Entre 300 et 500 musulmans
Rapidement, il fait enregistrer, en toute légalité, “le Centre islamique de Tahiti” sous le statut d’association "loi 1901". Livres, documentation théologique, et nombreux dons de la communauté… Tout se met en place, sans heurt. Pour Hishan El-Barkani, il s’agit d’offrir aux musulmans de Polynésie un lieu de partage. Ces derniers seraient entre 300 et 500, selon des estimations rapportées par le jeune imam. “Je pense qu’il y en a plus. Jusqu’à présent il n’y avait aucun lieu de rassemblement, chacun pratiquait de son côté. Ce lieu de culte nous permettra de tous les rassembler et d’avoir une estimation plus précise”, explique-t-il.
Mais dans cette collectivité d'outre-mer à forte tradition chrétienne, la pilule passe mal pour beaucoup. Pétitions, groupes anti-mosquée, milliers de commentaires acerbes sur les réseaux sociaux.. L’accueil réservé au “Centre islamique de Tahiti” est plus que mitigé. L’affaire prend de telles proportions que le site Tahiti-Infos, le premier à relayer l’information, a été contraint, pour la première fois, de fermer ses pages de commentaires sur les articles traitant du sujet. “Je suis d’accord pour la liberté de religion, mais certainement pas celle de l’islam !”, pouvait-on lire, parmi la déferlante de commentaires, qui rivalisent d’idées reçues et de raccourcis souvent racistes. “Sa barbe [celle de l’imam] ne va pas faire long feu ici !”, menace un autre.
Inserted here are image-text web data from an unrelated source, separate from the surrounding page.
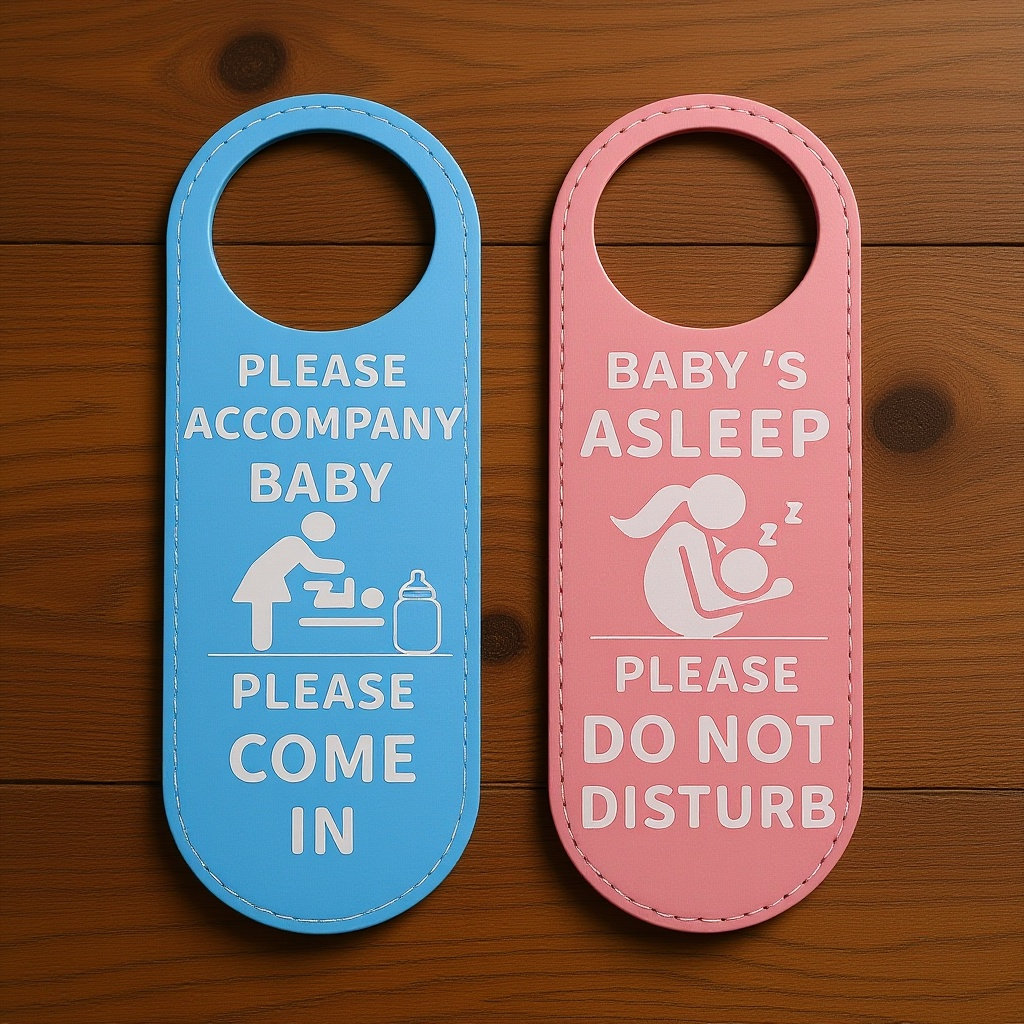 2個セット ベビー部屋のドアサイン 両面 ブルー ピンク P - Baby Nursery Hangers のレビューと価格
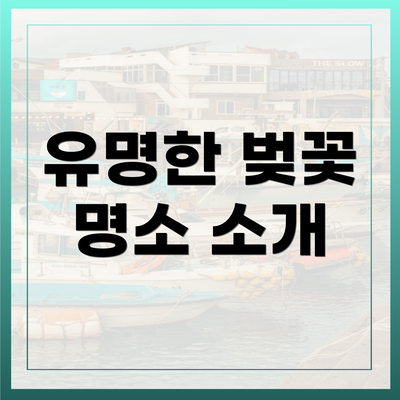 유명한 벚꽃 명소 소개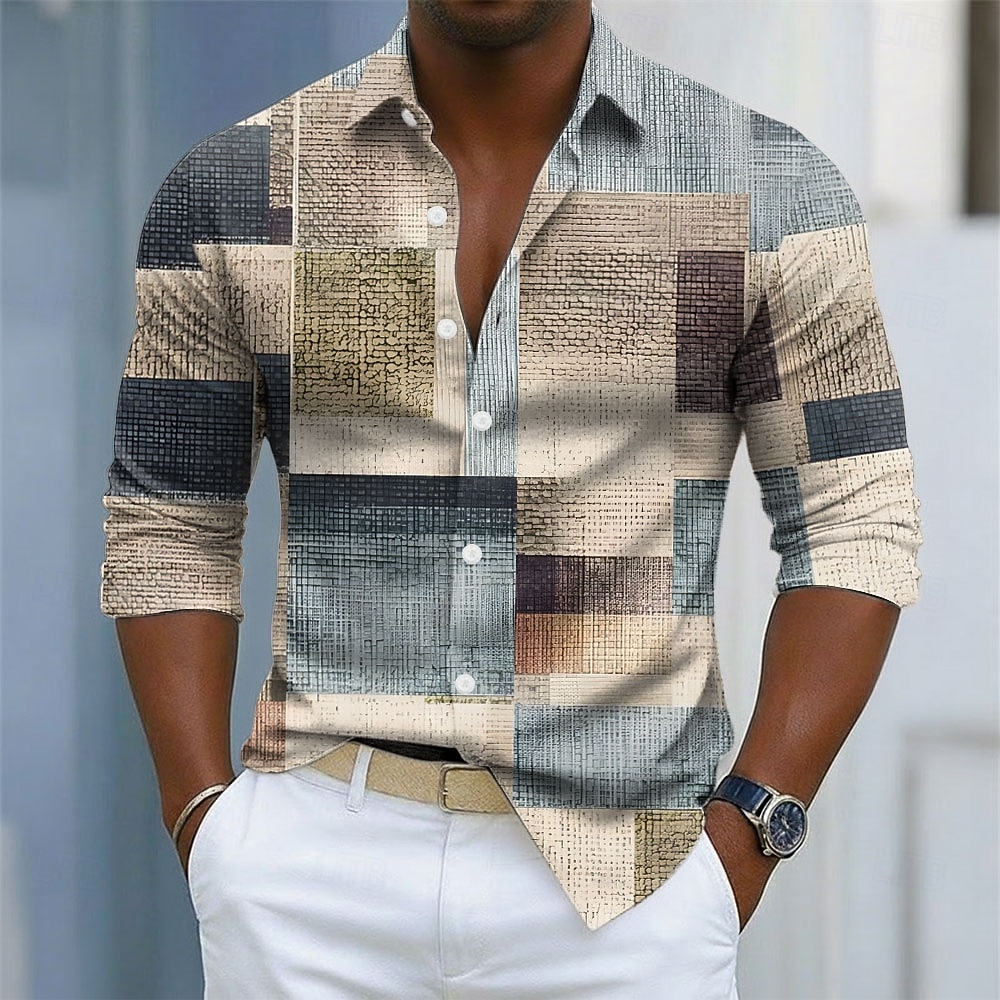 Men's Geometric Color Block Grid Plaid Patterns Shirt Button Up Shirts Long Sleeve Fashion Casual Fall 3D Print Collared Shirt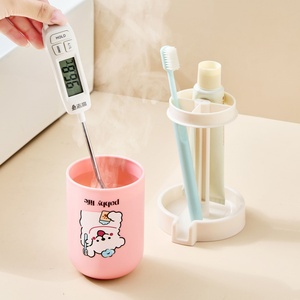 Custom Logo Cartoon Plastic Student Dormitory <b>Toothbrush</b> <b>Holder</b> Set with Desktop Drainage Mouthwash Cup and No Punching Design - Product Image 1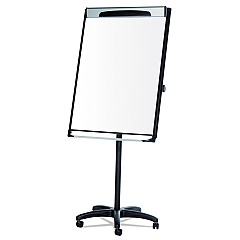 MasterVision Platinum Mobile Easel, 29 x 41, White Surface, Black Plastic Frame (BVCEA48066720)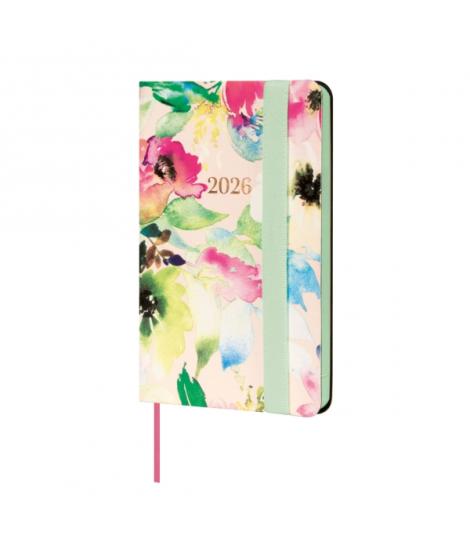 Finocam Flexi Joy Agenda - Anual 2026 - Tapa Blanda - Formato F2 - 85x13x130mm - Semana Vista Horizontal - Tematica de Flores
La mairie de Papeete a indiqué, de son côté, n'avoir pas reçu de demande pour transformer des bureaux en lieu de culte pouvant recevoir du public, et a jugé que la mosquée n'avait donc “pas d'autorisation pour ouvrir”.
“Ne pas tomber dans l’islamophobie”
À l’inverse, la présidence de la Polynésie française a estimé qu'il n'était “pas nécessaire d'obtenir une autorisation particulière.” Pour tenter d’apaiser les esprits, un communiqué a été publié le 15 octobre rappelant que “la République garantit la liberté du culte et la liberté de conscience sur tout le territoire national. Ce principe essentiel de nos libertés fondamentales est inscrit dans la Constitution française, et est naturellement valable en Polynésie française. Dans notre pays cohabitent parfaitement de nombreux cultes.” Et d’ajouter “bien que terre traditionnellement chrétienne, la Polynésie est aussi une terre accueillante, et il ne faut pas tomber dans l’islamophobie.”
Hishan El-Barkani, qui se dit de confession sunnite, a tenté, quant à lui, de rassurer la population locale. "Le sunnisme est le courant majoritaire dans l’islam. Il correspond à plus de 90 % des musulmans dans le monde, et s’oppose au Chiisme. (…) Je l’ai dit, et je le répète, je combats toute forme de terrorisme et de sectarisme".
Mais les détracteurs de l’initiative ne comptent pas en rester là. Parmi eux, l'un des principaux partis d'opposition, A Ti'aPorinetia, a demandé que toute la lumière soit faite sur le financement de la mosquée, qui a vu le jour, selon Hishan El-Barkani, grâce à la générosité des musulmans de Polynésie.